If you can make a separate post for the output from each command, it'll be easier to compare. Thanks.


----------



## algi (May 29, 2022)

This just happened to me as well, now I understand that my idea of "help" was totally misplaced. Here's what I did:

`doas bectl jail -o host=inherit -o ip4=inherit pokus`

Then inside I just run pkg upgrade. After I hit Ctrl-D, I got the error message about busy mountpoint too.
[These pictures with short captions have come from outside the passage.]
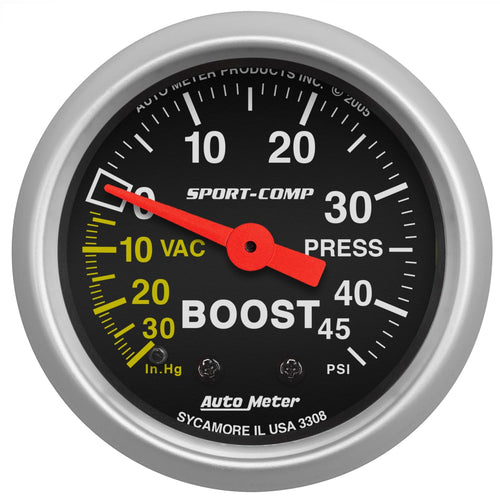Auto Meter Sport-Comp 3308 Mechanical Boost/Vacuum Gauge, 2.3125 in.
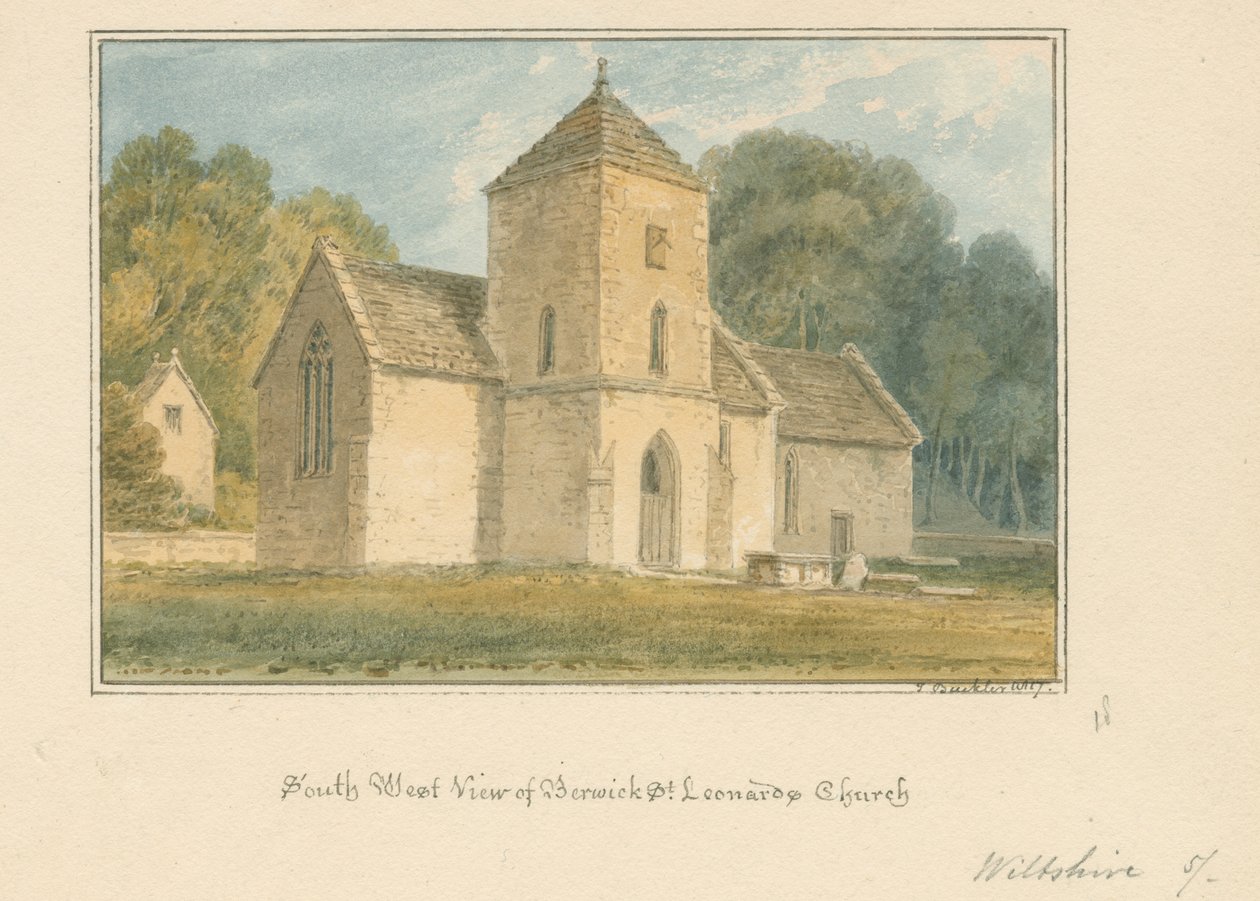Wiltshire - Berwick Saint Leonard Kilisesi, 1817 by John Buckler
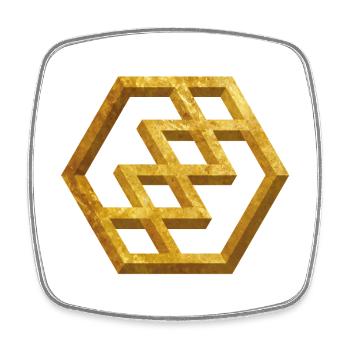 Goldenes Geometrisches Muster - Viereckiger Kühlschrankmagnet - Weiß - Vorne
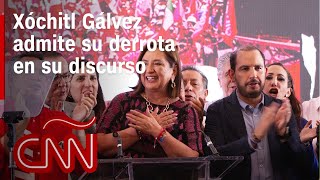 El discurso de Xóchitl Gálvez tras su derrota ante Claudia Sheinbaum en las elecciones de México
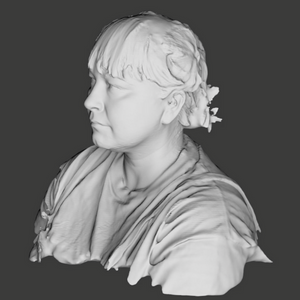 greyscale 3D model of an artist headshot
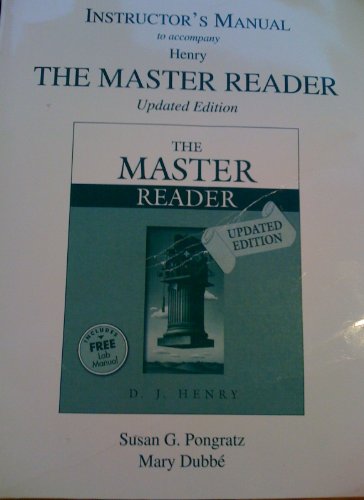 Instructors Manual to Accompany Master Reader (9780321355058) by Susan G. Pongratz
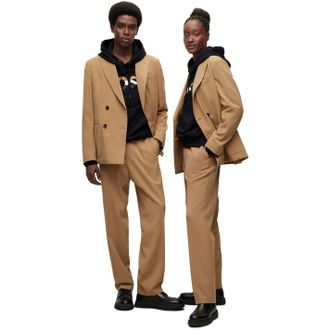 HUGO BOSS Womens Kris 224 Solid Patterned Straight Trousers in Med Beige - Size 10 UK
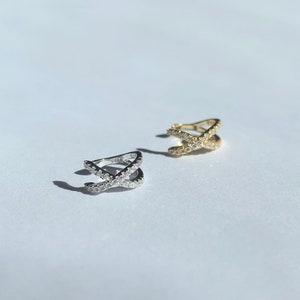 Cz Ear Cuff No Piercing Gold Ear Cuffs Silver Ear Cuff No Piecing Ear Cuff Tiny Gold Ear Cuff Dainty Ear Cuff Ear Cuff SINGLE image 2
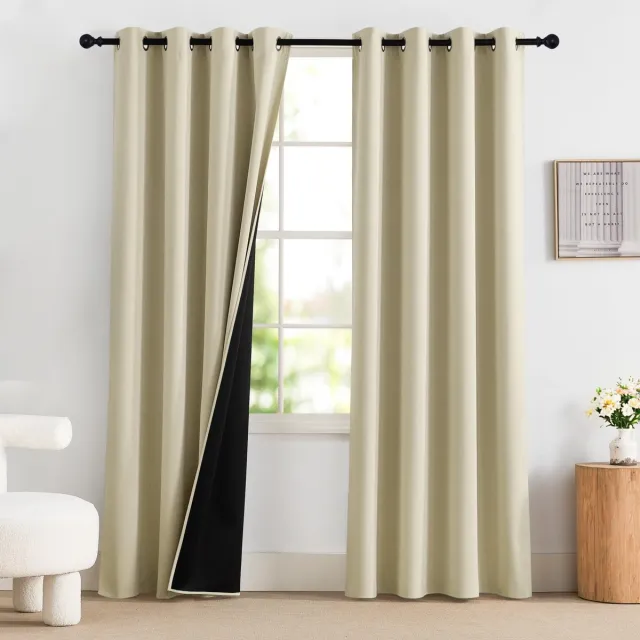 Ibenzoa Beige Verduisteringsgordijnen Set van 2 met Inslagringen voor Woonkamer en Slaapkamer lichtbeige
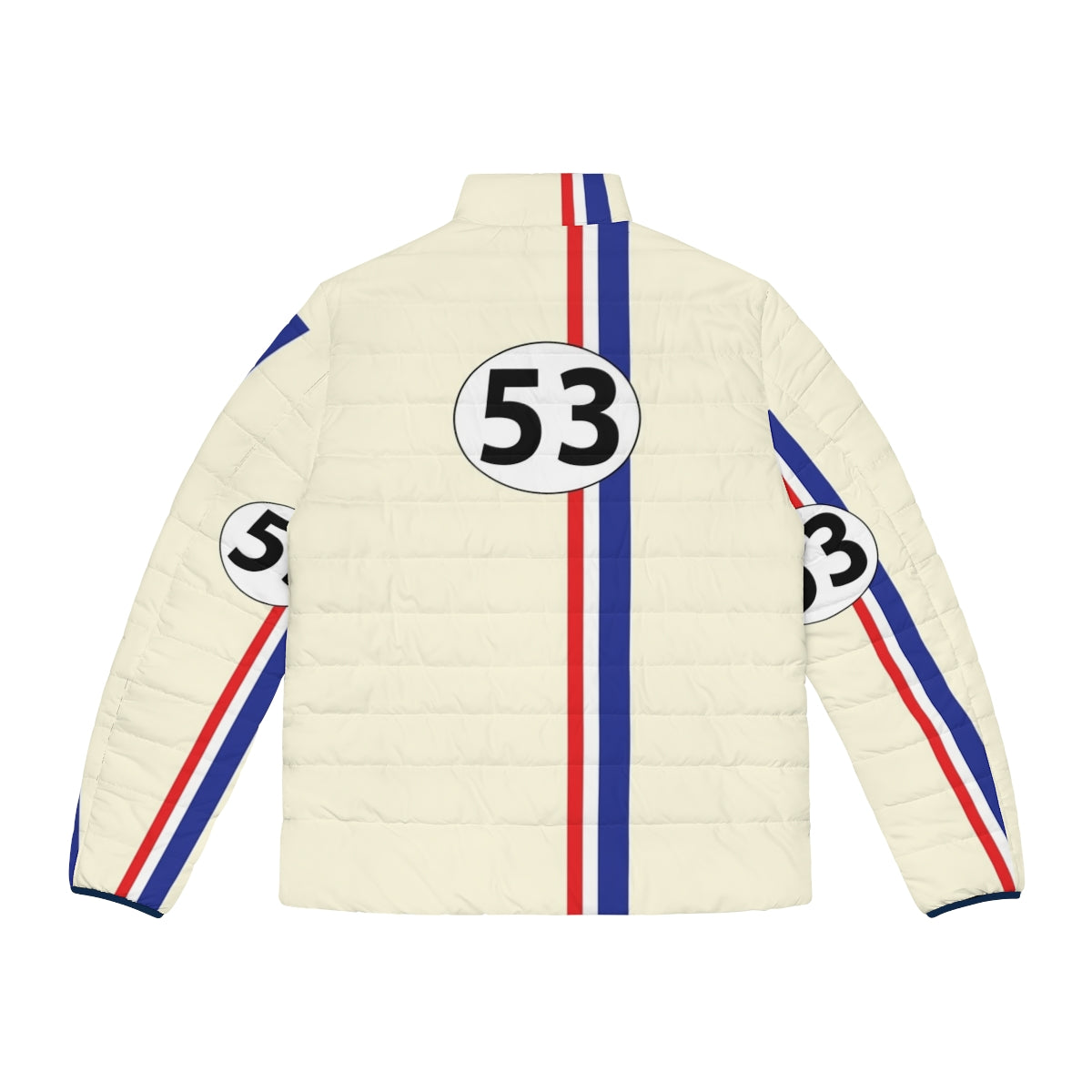 Herbie Number 53 Puffer Jacket with classic racing stripes and number design - Back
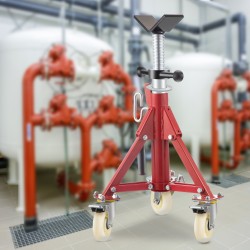 Teräs V-päinen putkiteline rullilla säädettävä korkeus 50,5–93,5 cm 400 kg 0,32–30,48 cm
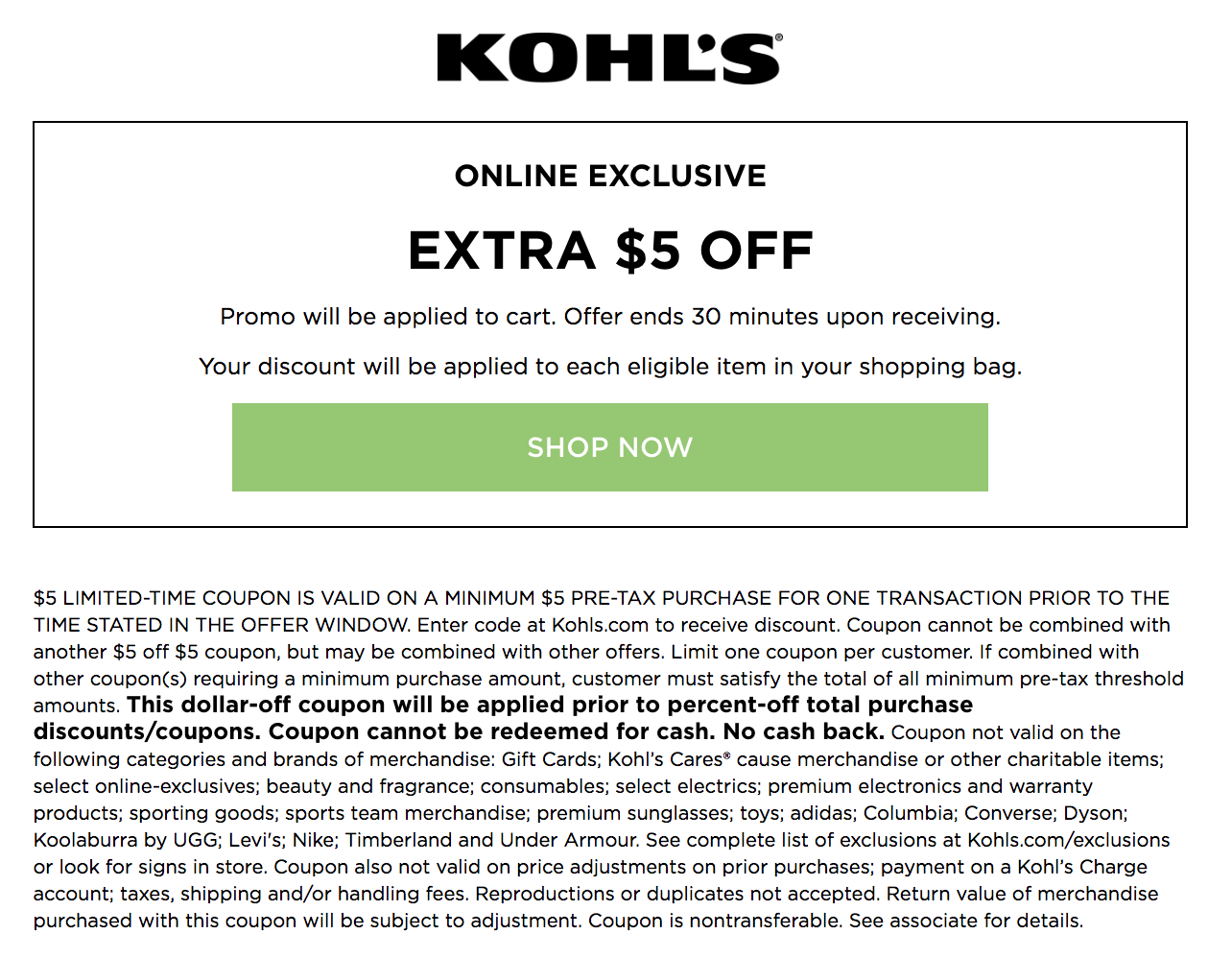 Kohl's Coupon - "Extra $5 Off" - Online Only, Minimum $5+ Purchase, Stackable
It didn't happen on 13.0, so I wonder if it's not a bug?

Also:


```
marian@beastie ~ % bectl list -c creation
BE      Active Mountpoint         Space Created
default NR     /                  28.0G 2021-12-15 13:48
pokus   -      /tmp/be_mount.yBoq 32.9M 2022-05-29 09:12
marian@beastie ~ % bectl list -s -c creation
BE/Dataset/Snapshot                          Active Mountpoint         Space Created

default
  zroot/ROOT/default                         NR     /                  28.0G 2021-12-15 13:48
  default@2022-05-29-09:12:32-0              -      -                  156K  2022-05-29 09:12

pokus
  zroot/ROOT/pokus                           -      /tmp/be_mount.yBoq 32.7M 2022-05-29 09:12
    zroot/ROOT/default@2022-05-29-09:12:32-0 -      -                  156K  2022-05-29 09:12
marian@beastie ~ % doas bectl destroy pokus
cannot destroy mounted boot env unless forced
```

*Edit*: After reboot, I can destroy BE as usual.


----------



## sko (May 30, 2022)

IIRC bectl also mounts devfs, but `bectl umount` only tries to unmount the actual BE. check with 'mount' what is mounted at the jail path.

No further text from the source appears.